Open nasonfish opened 8 years ago
I think we should switch away from html scraping if possible. It looks like there are a few api's available this was the top google hit and it it seems like it could work: https://github.com/tapasweni-pathak/Horoscope-API
Thats a web frontend for https://testpypi.python.org/pypi/horoscope, which rips from Ganeshaspeaks... sooo, not really better.
On Fri, Oct 16, 2015 at 1:24 AM, Andy Edwards notifications@github.com wrote:
I think we should switch away from html scraping if possible.
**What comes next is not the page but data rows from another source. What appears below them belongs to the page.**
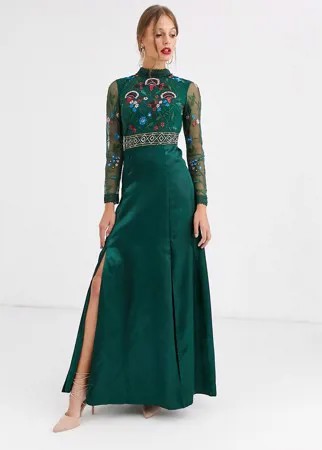 Платье макси с вышивкой и длинным рукавом Frock & Frill-Зеленый
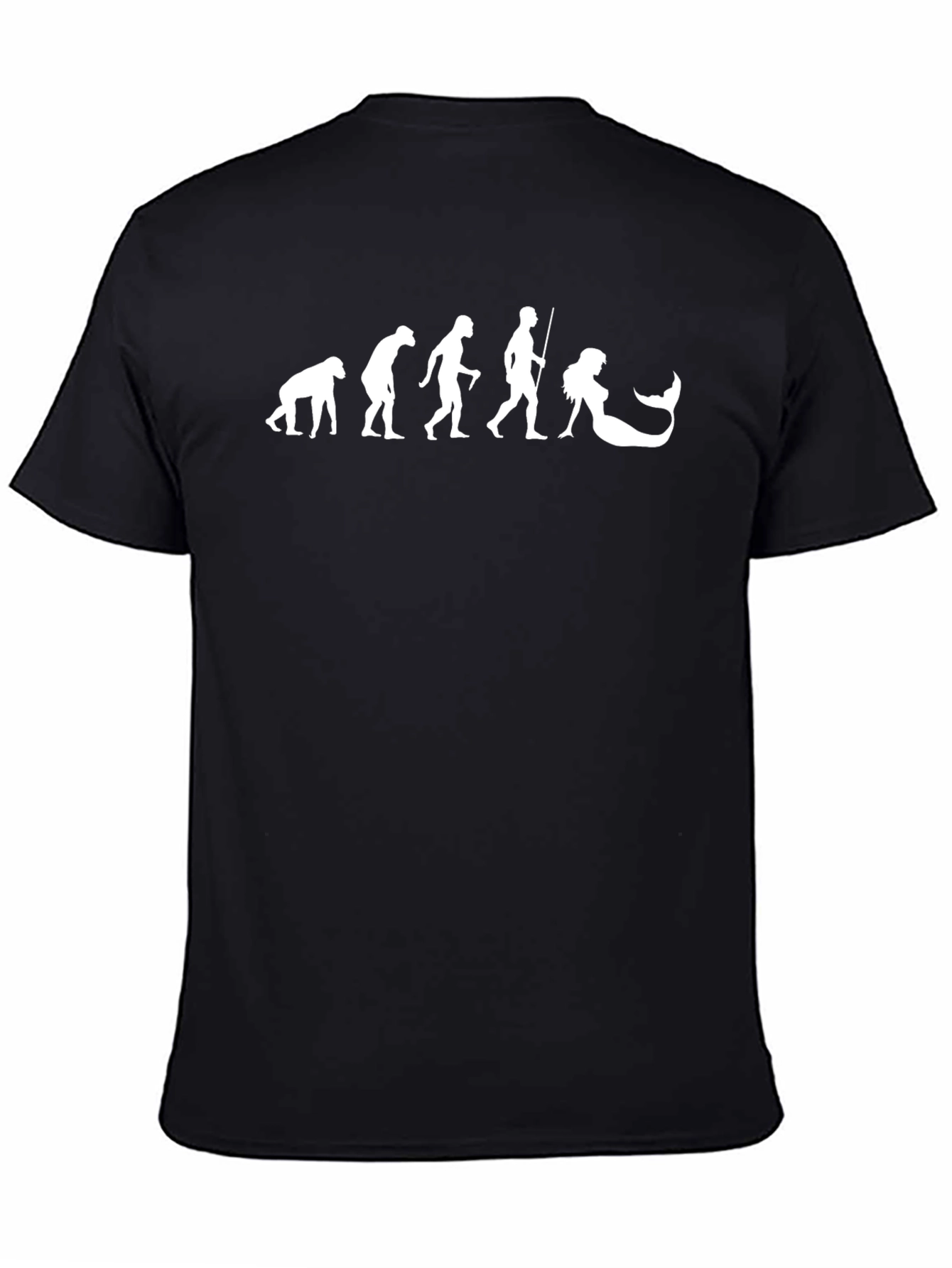 Evolution to Mermaid Graphic T-Shirt - Black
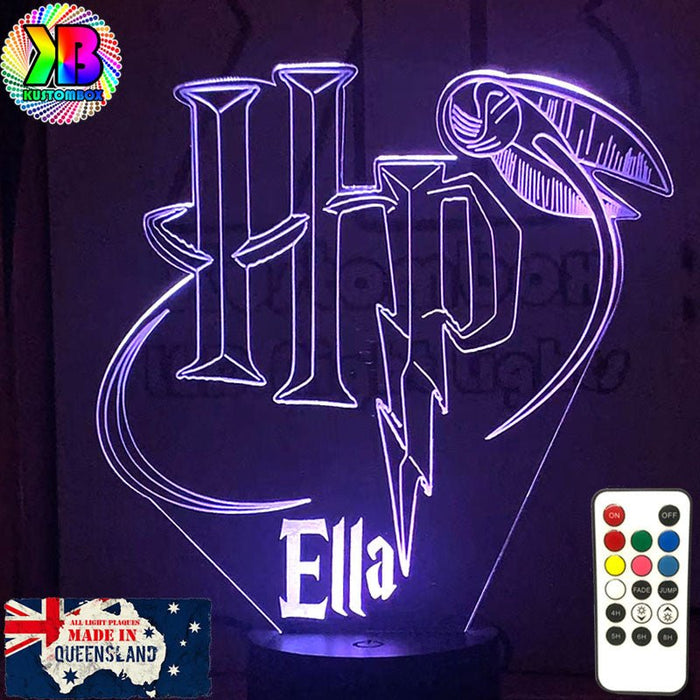 Harry Potter Logo & Golden Snitch Ball 3D LED Night Light Room Lamp - KustomboxNight Lights & Ambient LightingKustomboxStandard SizeBlack Base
It looks like there are a few api's available this was the top google hit and it it seems like it could work: https://github.com/tapasweni-pathak/Horoscope-API
— Reply to this email directly or view it on GitHub https://github.com/CloudBotIRC/CloudBot/issues/199#issuecomment-148370220 .
If there is no free api maybe horoscope gets dropped since maintaining an HTML scraping plugin can be pretty burdensome.
For what it's worth, here's an updated version of the plugin, but where to go from here is debatable, if we should just keep supporting this site or not.
# Plugin by Infinity - <https://github.com/infinitylabs/UguuBot>
import requests
from bs4 import BeautifulSoup
from cloudbot import hook
from cloudbot.util import formatting
@hook.on_start()
def init(db):
db.execute("create table if not exists horoscope(nick primary key, sign)")
db.commit()
@hook.command(autohelp=False)
def horoscope(text, db, bot, notice, nick):
"""<sign> - get your horoscope"""
headers = {'User-Agent': bot.user_agent}
# check if the user asked us not to save his details
dontsave = text.endswith(" dontsave")
if dontsave:
sign = text[:-9].strip().lower()
else:
sign = text
db.execute("create table if not exists horoscope(nick primary key, sign)")
if not sign:
sign = db.execute("select sign from horoscope where "
"nick=lower(:nick)", {'nick': nick}).fetchone()
if not sign:
notice("horoscope <sign> -- Get your horoscope")
return
sign = sign[0]
url = "http://my.horoscope.com/astrology/free-daily-horoscope-{}.html".format(sign)
try:
request = requests.get(url, headers=headers)
request.raise_for_status()
except (requests.exceptions.HTTPError, requests.exceptions.ConnectionError) as e:
return "Could not get horoscope: {}.".format(e)
soup = BeautifulSoup(request.text)
title = soup.find_all('h1', {'class': 'f40'})
if not title:
return "Could not get the horoscope for {}.".format(text)
title = title[0].text.strip()
horoscope_text = soup.find('div', {'class': 'block-horoscope-text'}).text.strip()
result = "\x02{}\x02 {}".format(title, horoscope_text)
result = formatting.strip_html(result)
if text and not dontsave:
db.execute("insert or replace into horoscope(nick, sign) values (:nick, :sign)",
{'nick': nick.lower(), 'sign': sign})
db.commit()
return result
We HTML scrape from a site and that site changed their HTML such that the fields we were using previously no longer match the classes we use in horoscope.py, resulting in us not being able to find a sign and returning an error no matter what.